In both of these cases — different as they are — the issue seems to be the power of language to inflict damage, and what measures we, as a society, are willing to go to as a possible remedy. As ugly as the ‘N’ word is, are we ready to accept the censorship of what many consider to be the greatest of all American novels in order to avoid exposing students to it, even taking into consideration the context in which the book was written and the word used, not to mention the major themes of the book, not least of which is that the institution of slavery was profoundly wrong and immoral? Twain used the ‘N’ word, at least in part, to demonstrate man’s inhumanity to man. Remember, in helping the slave Jim escape — in learning to see him as a human being and not “property” — Huck becomes an “outlaw” and believes that his actions will cause him to “go to hell.”
When the “N” word is “erased” from the book, the power, context, and authenticity of the novel are severely compromised, and the lesson lessened, if you will. Censorship is not the answer; understanding is.
On the other hand, there is perhaps no way to understand the mindset of a 21-year-old man who goes on a killing spree on sunny Saturday morning in Tuscon. I have not read any conclusive studies done on these mass murderers, but doesn’t it always seem as if they are cut from the same piece of cloth?
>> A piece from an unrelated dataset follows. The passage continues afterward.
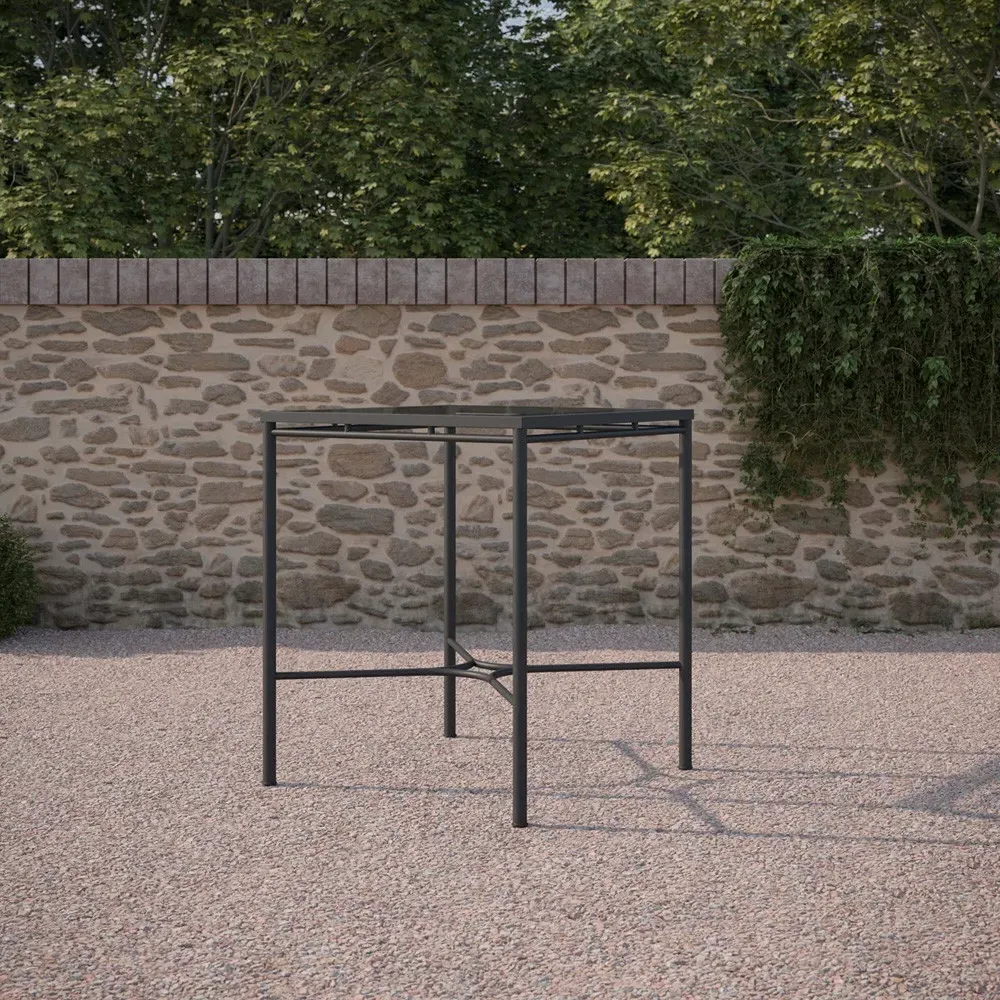 Emeline Square Outdoor Bar Table - Black, Glass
Invariably, they are young male loners who have struggled to fit in anywhere or find a coherent meaning in life.
In this latest instance, the alleged shooter, Jared Lee Loughner, had posted messages on YouTube in which he rambled on about issues he had with “informing conscience dreamers about a new currency.” According to friends and teachers, he had a tenuous relationship with reality, at best, and had been kicked out of a local community college until he agreed to seek psychiatric help.
All of this makes it difficult to draw a straight line from the likes of Sarah Palin, Glenn Beck, and Rush Limbaugh to Jared Loughner. On the other hand, when Sarah Palin has a Web site with a map in which Congresswoman Gabrielle Giffords, one of the victims in the shooting, is listed as a “target” — complete with crosshairs — and when Palin tweets inane messages that exhort her followers, “Don’t retreat, instead RELOAD,” it is fair to debate how much of this kind of rhetoric adds to a climate in which violence is perceived as an acceptable solution to political disagreement.
As with The Adventures of Huckleberry Finn, the answer is not censorship. It is taking responsibility for one’s actions — and words. And it is holding those who do not act responsibly accountable for their actions, rather than remaining silent.
“If there be time to expose through discussion the falsehood and fallacies, to avert the evil by the processes of education, the remedy to be applied is more speech, not enforced silence.”
So Supreme Court Justice Louis Brandeis said in 1927. True then, and true now. Whether or not Jared Loughner shot a bunch of people because someone told him to reload rather than retreat, we must stand up and speak out when the Sarah Palins of the world use the threat of violence — even if it intended as a lame metaphor — in an effort to incite their followers. The remedy is not censorship. It is telling them their 15minutes are up, and showing them the way off of the American stage.